Available data:
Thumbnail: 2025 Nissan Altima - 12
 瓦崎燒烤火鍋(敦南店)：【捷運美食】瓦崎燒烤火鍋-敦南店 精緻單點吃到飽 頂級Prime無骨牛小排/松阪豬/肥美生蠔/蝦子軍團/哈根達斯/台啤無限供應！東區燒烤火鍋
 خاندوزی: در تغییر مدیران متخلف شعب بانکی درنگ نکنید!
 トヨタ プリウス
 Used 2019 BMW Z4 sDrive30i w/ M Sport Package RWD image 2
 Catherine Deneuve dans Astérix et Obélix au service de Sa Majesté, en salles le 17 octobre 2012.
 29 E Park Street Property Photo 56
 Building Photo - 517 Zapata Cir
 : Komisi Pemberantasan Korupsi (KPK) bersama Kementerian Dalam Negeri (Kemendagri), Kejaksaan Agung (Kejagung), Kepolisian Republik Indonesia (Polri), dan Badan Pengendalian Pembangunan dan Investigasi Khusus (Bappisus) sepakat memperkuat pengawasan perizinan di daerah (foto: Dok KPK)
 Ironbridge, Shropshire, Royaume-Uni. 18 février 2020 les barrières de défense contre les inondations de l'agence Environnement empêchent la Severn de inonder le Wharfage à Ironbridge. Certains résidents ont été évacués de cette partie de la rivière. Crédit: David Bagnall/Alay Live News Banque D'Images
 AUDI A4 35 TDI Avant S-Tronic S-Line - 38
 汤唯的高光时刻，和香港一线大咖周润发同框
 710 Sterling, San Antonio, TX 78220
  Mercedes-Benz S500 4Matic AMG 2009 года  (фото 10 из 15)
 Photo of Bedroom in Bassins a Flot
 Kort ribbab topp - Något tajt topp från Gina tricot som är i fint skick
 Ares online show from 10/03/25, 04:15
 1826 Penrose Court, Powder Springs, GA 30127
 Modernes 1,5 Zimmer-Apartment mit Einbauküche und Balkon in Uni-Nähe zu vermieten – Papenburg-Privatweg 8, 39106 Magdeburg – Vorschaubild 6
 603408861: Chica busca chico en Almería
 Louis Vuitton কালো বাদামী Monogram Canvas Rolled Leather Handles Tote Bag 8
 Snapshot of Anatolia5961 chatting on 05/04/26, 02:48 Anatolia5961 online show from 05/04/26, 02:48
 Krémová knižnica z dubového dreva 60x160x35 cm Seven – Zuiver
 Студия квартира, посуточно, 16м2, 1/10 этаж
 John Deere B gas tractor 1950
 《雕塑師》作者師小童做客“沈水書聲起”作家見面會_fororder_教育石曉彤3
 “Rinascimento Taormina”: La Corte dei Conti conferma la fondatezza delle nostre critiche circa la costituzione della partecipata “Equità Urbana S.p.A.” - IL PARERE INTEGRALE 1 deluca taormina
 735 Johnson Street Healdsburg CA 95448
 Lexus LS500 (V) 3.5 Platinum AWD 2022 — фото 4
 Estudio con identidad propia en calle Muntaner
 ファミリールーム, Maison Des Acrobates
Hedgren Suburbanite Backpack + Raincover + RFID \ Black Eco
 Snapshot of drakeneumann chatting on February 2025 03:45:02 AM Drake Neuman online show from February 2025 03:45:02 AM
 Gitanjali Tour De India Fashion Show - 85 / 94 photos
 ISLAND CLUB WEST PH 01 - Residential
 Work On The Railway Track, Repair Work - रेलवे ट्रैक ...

What the task asks:
Using the entries above, quote each line verbatim from the first through the line that contains "Building Photo - 517 Zapata Cir".

Task response:
Thumbnail: 2025 Nissan Altima - 12
 瓦崎燒烤火鍋(敦南店)：【捷運美食】瓦崎燒烤火鍋-敦南店 精緻單點吃到飽 頂級Prime無骨牛小排/松阪豬/肥美生蠔/蝦子軍團/哈根達斯/台啤無限供應！東區燒烤火鍋
 خاندوزی: در تغییر مدیران متخلف شعب بانکی درنگ نکنید!
 トヨタ プリウス
 Used 2019 BMW Z4 sDrive30i w/ M Sport Package RWD image 2
 Catherine Deneuve dans Astérix et Obélix au service de Sa Majesté, en salles le 17 octobre 2012.
 29 E Park Street Property Photo 56
 Building Photo - 517 Zapata Cir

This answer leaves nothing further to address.